Aveva tenuto meticolosamente conto di tutto, forse anche per ribadire il peso e il valore del proprio operato, visto che più volte si era dovuta difendere da feroci polemiche. Per esempio sulle scelte per gli allestimenti dei musei. E poi sul ritrovamento della Giustizia di Giovanni Pisano, parte del monumento per Margherita di Brabante. Vista per caso nel giardino di un palazzo, la “zarina”, così la chiamavano i suoi numerosi nemici, provò a comprarla per poche lire. Il proprietario pensava che quel marmo fosse «un paracarro», come spiegò in squisito dialetto genovese al giovane funzionario della soprintendenza, Piero Torriti, che smascherò la mossa della Marcenaro. Ancora, polemiche sulle attribuzioni troppo generose per una dozzina di Van Dyck e Rubens dei suoi musei, con accuse che finirono ripetutamente sui giornali locali. Una vicenda che persino le sopravvisse, ritornando sulle prime pagine a sette anni di distanza. La stampa la accusa continuamente anche per non voler lasciare l’appartamento di Palazzo Rosso, dove infatti morirà nell’estate del 1976.

Altre sue azioni a dir poco maldestre sono state svelate solo di recente, senza possibilità di appello per lei che non c’era più. Dalle ricerche di Piero Boccardo, attuale direttore di Palazzo Rosso, è risultato evidente che fece eseguire in alcuni ambienti del secondo piano nobile della dimora-museo dei veri e propri “falsi” per la decorazione ad affresco.

Se i nemici furono a Genova per la Marcenaro certamente più numerosi degli amici, tra questi ultimi vi è però Angelo Costa, presidente di Confindustria e soprattutto collezionista e vero amatore di pittura genovese. È con il suo appoggio che la studiosa realizza due tra le mostre più significative del secolo scorso per la città: quella su Luca Cambiaso al Palazzo dell’Accademia nel ’56 e quella sui Pittori genovesi del Seicento e Settecento a Palazzo Bianco nel ’69.
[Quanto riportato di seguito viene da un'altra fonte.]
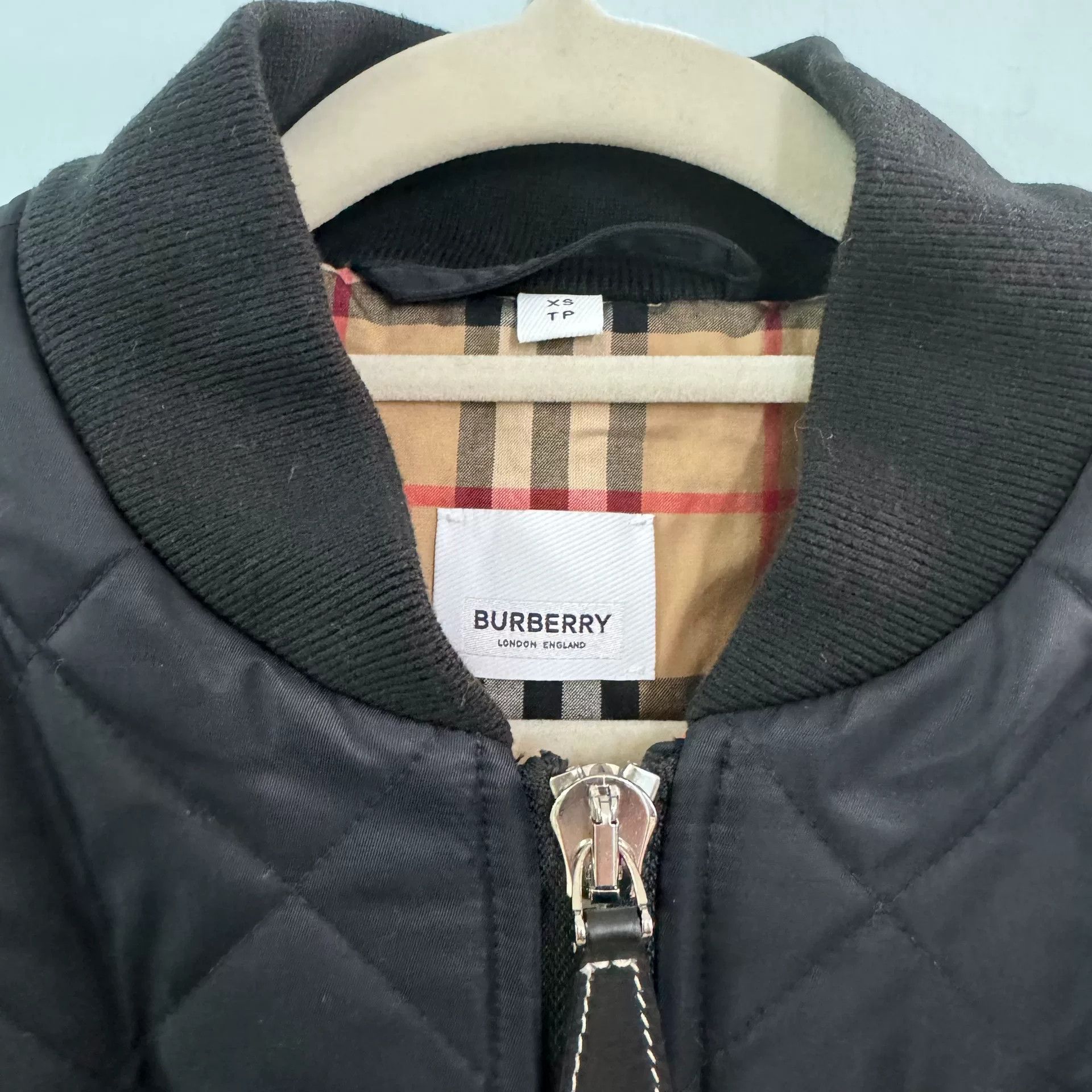 Burberry Burberry Paneled Bomber Jacket Limited XS Size XS / US 0-2 / IT 36-38 - 4 Thumbnail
Dai carteggi, molti inediti, consultati attentamente dalla Fontanarossa, emergono poi altri legami di reciproca stima con storici dell’arte e conoscitori di quegli anni: Wilhelm Suida e la figlia Bertina, Bernard Berenson, Adolfo e Lionello Venturi, Roberto Longhi, Carlo Ludovico Ragghianti, Giulio Carlo Argan, Wart Arslan e Federico Zeri. Sarà quest’ultimo a redigere il lungo «esame attributivo» con la valutazione della collezione che la donna vorrà lasciare non a Genova, ma alla Cassa di Risparmio di Milano. Cinquantaquattro dipinti dal Cinque al Settecento, 37 sculture dal XIII al XVII secolo e 5 ceramiche. E se nella sua lista comparivano Pontormo, Giorgione, Coreggio, Dürer, Caravaggio, Rubens, Strozzi, Georges de la Tour e Piazzetta, in quella stilata da Zeri scompaiono questi nomi altisonanti, senza che la donna abbia dovuto subire anche quest’ultima delusione. Né sa che il suo lascito non è e non sarà mai in un museo nel centro di Milano come aveva desiderato, bensì diviso tra i locali della Fondazione Cariplo e la sede del Museo Diocesano a Sant’Eustorgio.

La Fontanarossa ha sistemato in ordine cronologico tutto il materiale raccolto con interviste e setacciando oltre 20 archivi pubblici e privati, tracciando una storia puntuale delle vicende storico artistiche che s’intrecciano alla sua vita. In chiusura, tenta di rispondere a una domanda forse scomoda: «Quale è la sua eredità culturale?». La risposta della studiosa entra nel vivo di polemiche che, come quelle passate, sono destinate a proseguire: dal 1992 a oggi assistiamo al «progressivo smantellamento e azzeramento delle proposte museografiche e museologiche firmate da Albini e dalla Marcenaro. È un peccato».